Today’s front page story in the Irish Times suggests that Ian Paisley may be under pressure to step down as First Minister of Northern Ireland sooner than he had planned.

Frank Millar reports that Paisley "will retire as a Westminster MP
at the British general election now widely expected in the summer
of next year."

As Slugger notes, a DUP spokesman has dismissed the story as ‘unfounded press speculation.’ Nevertheless, Millar, a former UUP general secretary and one of the most respected observers of Stormont affairs, is not lightly to be disregarded.

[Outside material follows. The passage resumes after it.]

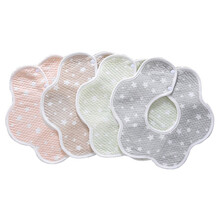 【3条装 360围嘴】婴儿口水巾纯棉防水围嘴宝宝纱布口水兜新生儿用品儿童吃饭围兜360度旋转秋冬 3条装（360度围嘴-防水款）随机色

The idea that Paisley would step down rather than defend his North Antrim seat is intrinsically plausible given that he will be 82 in April. However, his preferred replacement is surely his son, fellow North Antrim MLA and junior Stormont minister, Ian Paisley Jr, and that may be something of a problem just now.

Ian Jr is currently embroiled in a major
over his relations with property developer Seymour Sweeney. New documents released yesterday to (ex-DUP) MEP Jim Allister show that he used valuable negotiating leverage at St Andrews to secure developments in his constituency.

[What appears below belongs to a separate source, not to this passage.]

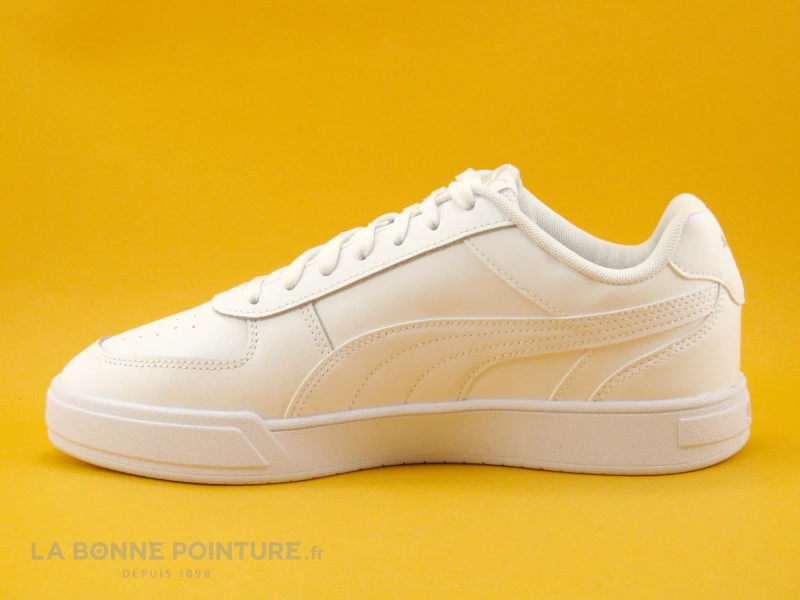 Puma CAVEN Blanc Gris - Basket Basse Homme – Image 3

It may be that these unpropitious circumstances tempted Paisley Sr to run again himself, prompting DUP MPs to intervene by briefing Millar. These MPs apparently fear that another Westminster term will delay Paisley’s departure as party leader

A majority of the DUP’s MPs are now privately indicating their
belief that this should be sooner rather than later, with some
advocating a handover as early as this summer in order to allow a
new leader to establish himself ahead of the general election in
which the party hopes to increase further its Westminster

However, these calculations cut across Dr Paisley’s declared
intention to serve his full four-year term as First Minister in
Northern Ireland’s powersharing Executive. (Ireland.com)

Millar suggests that there is no immediate prospect of a ‘heave’ against Paisley. That is probably true, although the North Antrim candidacy will be an interesting issue to watch. As ever with unionist leaders such internal pressures are likely to produce a more hardline stance, the most obvious focus in this case being devolution of policing and justice.

It probably would not bother any of the major players in the North if Paisley were to be replaced by his long-standing heir-apparent, Peter Robinson. A more troubling possibility is that Robinson’s emerging hardline rival, Nigel Dodds, could capitalise on grassroots disaffection with Paisley’s new ‘chuckle brothers‘ image.